• _The problem_
Leave out all pictures. Return exactly the lines from the top of the material through the line containing "ASESORIA TECNICA DE".

Start of Materials provided

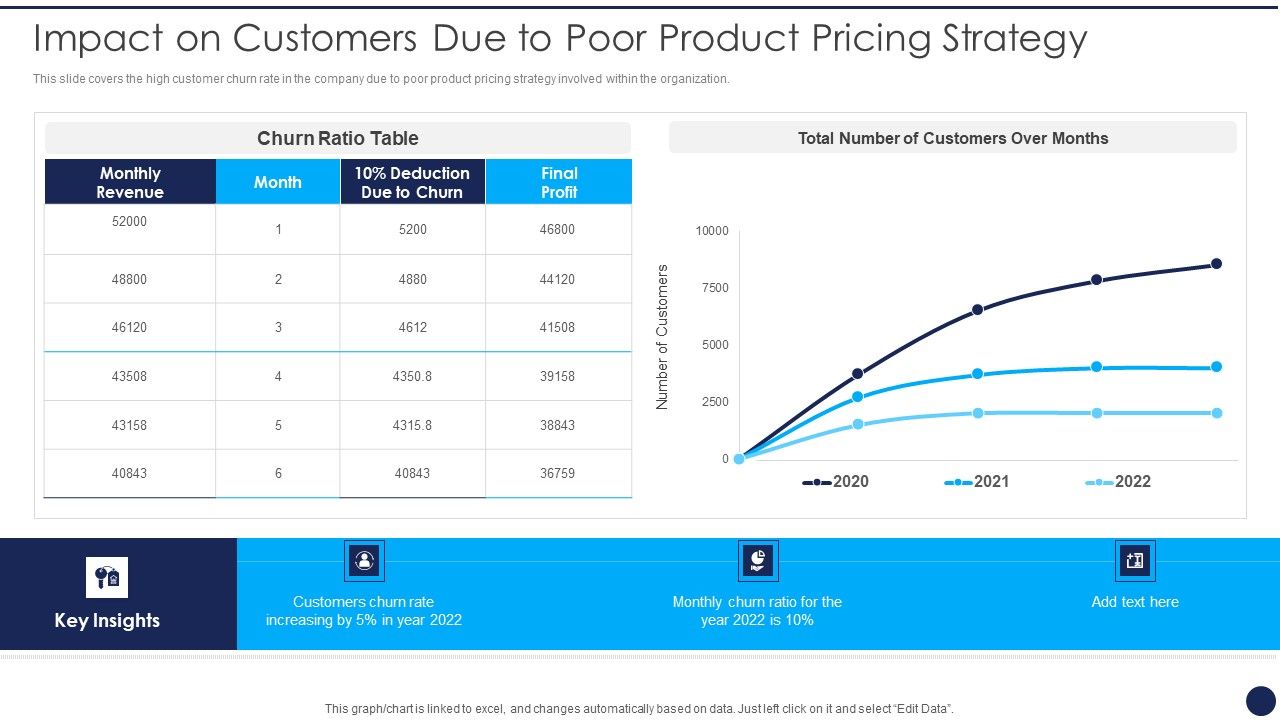 Product_Pricing_Strategies_Analysis_Impact_On_Customers_Due_To_Poor_Product_Pricing_Strategy_Guidelines_PDF_Slide_1.jpg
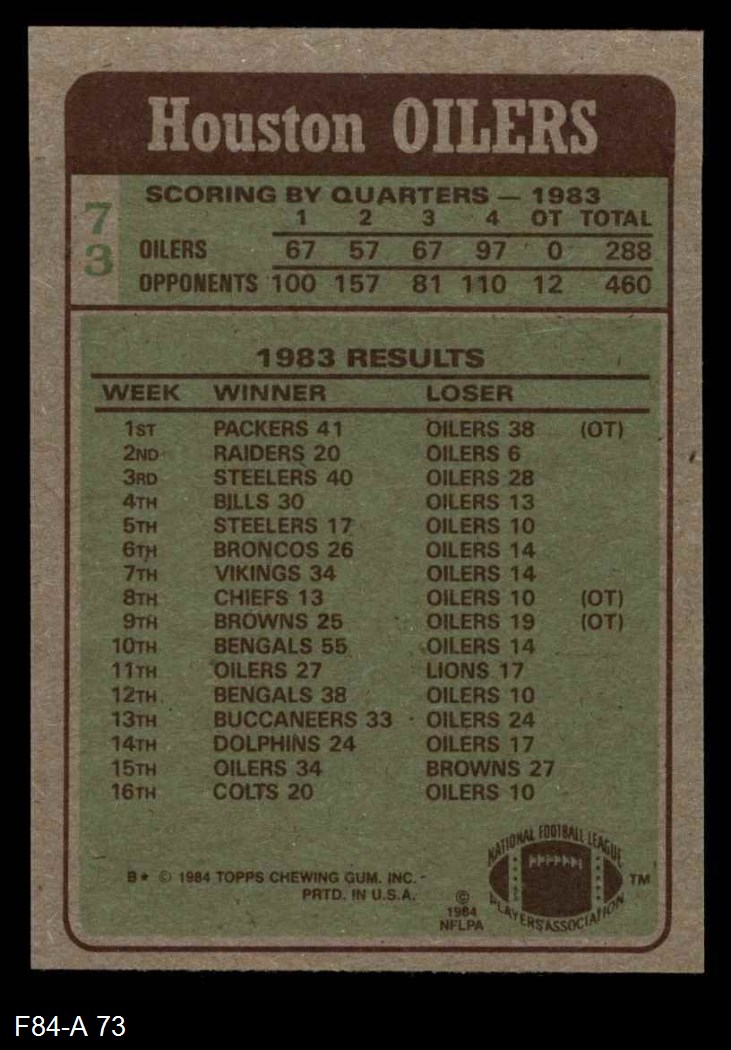 1984 Topps 73 Oilers Leaders Tim Smith / Earl Campbell / Willie Tullis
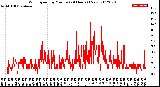 Milwaukee Weather Wind Speed<br>by Minute<br>(24 Hours) (New)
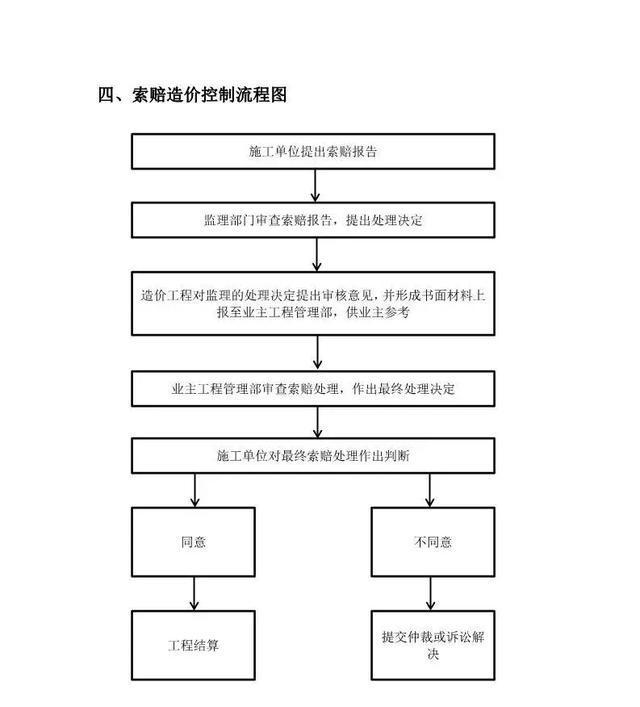 全过程工程造价咨询关键环节与技术核心 从进度款支付到索赔控制的全景解析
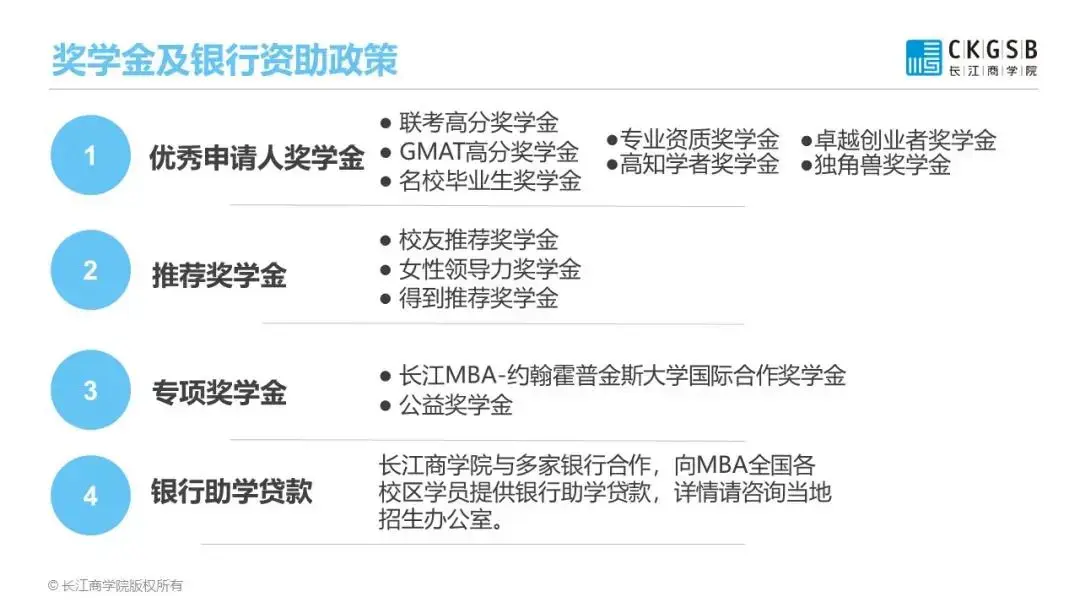 第三:40余位贯通中西,享誉全球的全职教授团队师资力量是一所商学院的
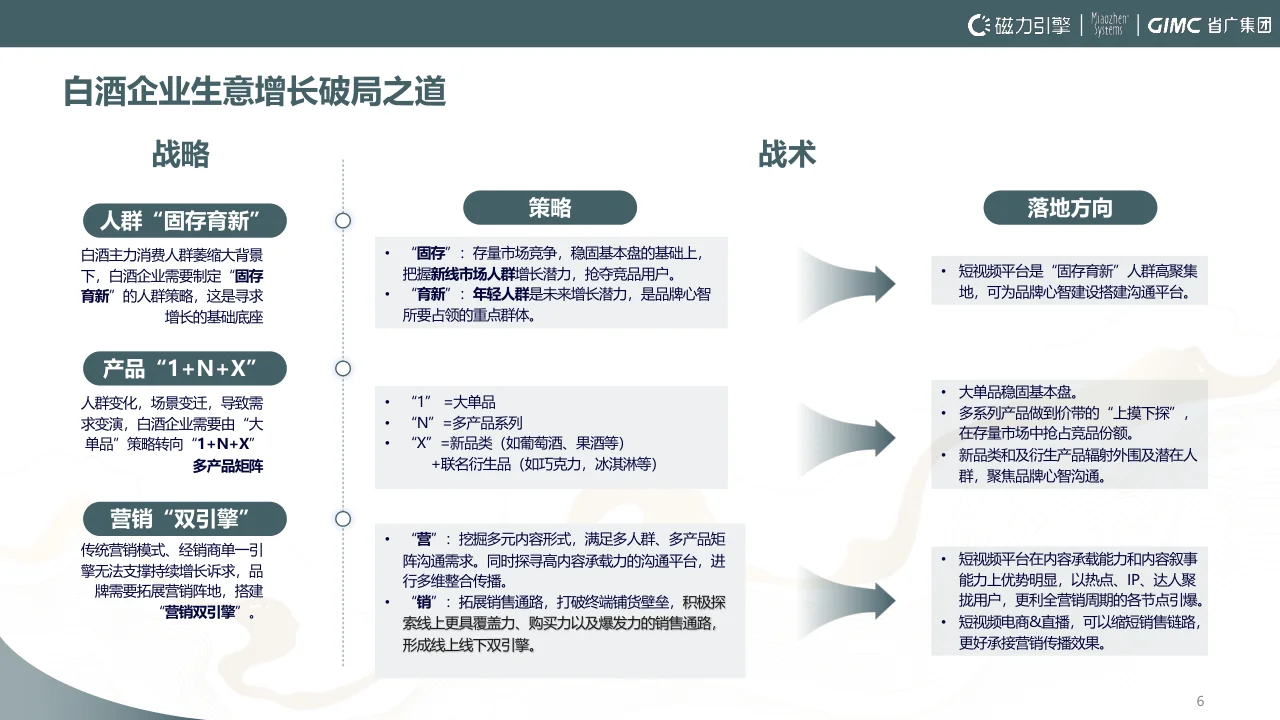 报告摘要|2024白酒行业洞察报告-54页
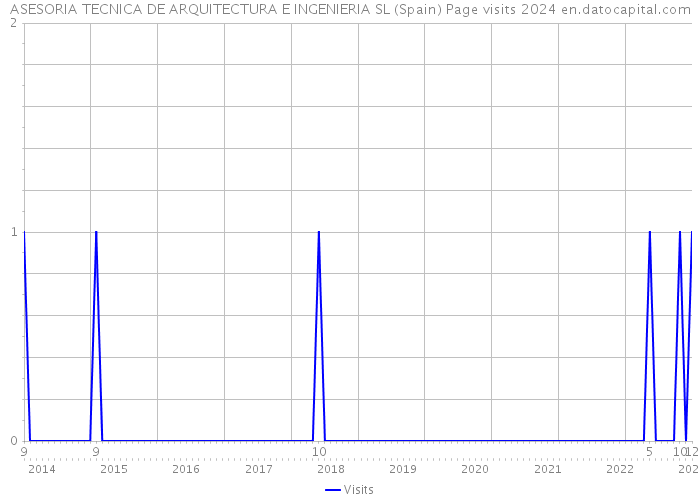 ASESORIA TECNICA DE ARQUITECTURA E INGENIERIA SL (Spain) Page visits 2024 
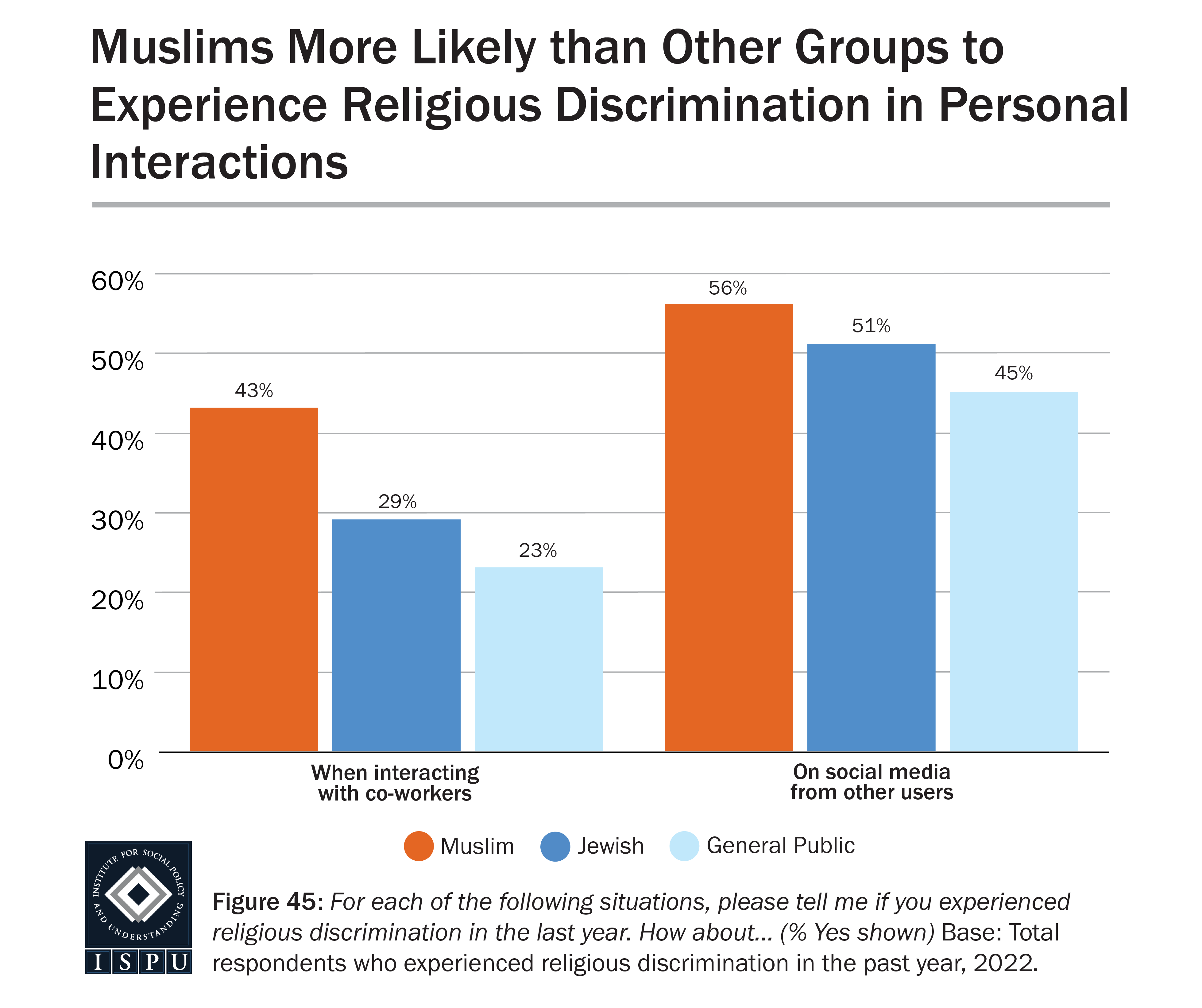 A bar graph showing various personal settings where religious discrimination occurred among Muslims, Jews, and the general public who report facing religious discrimination in the past year.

End of Materials provided

• _Exercise output_
 Product_Pricing_Strategies_Analysis_Impact_On_Customers_Due_To_Poor_Product_Pricing_Strategy_Guidelines_PDF_Slide_1.jpg
 1984 Topps 73 Oilers Leaders Tim Smith / Earl Campbell / Willie Tullis
 Milwaukee Weather Wind Speed<br>by Minute<br>(24 Hours) (New)
 全过程工程造价咨询关键环节与技术核心 从进度款支付到索赔控制的全景解析
 第三:40余位贯通中西,享誉全球的全职教授团队师资力量是一所商学院的
 报告摘要|2024白酒行业洞察报告-54页
 ASESORIA TECNICA DE ARQUITECTURA E INGENIERIA SL (Spain) Page visits 2024 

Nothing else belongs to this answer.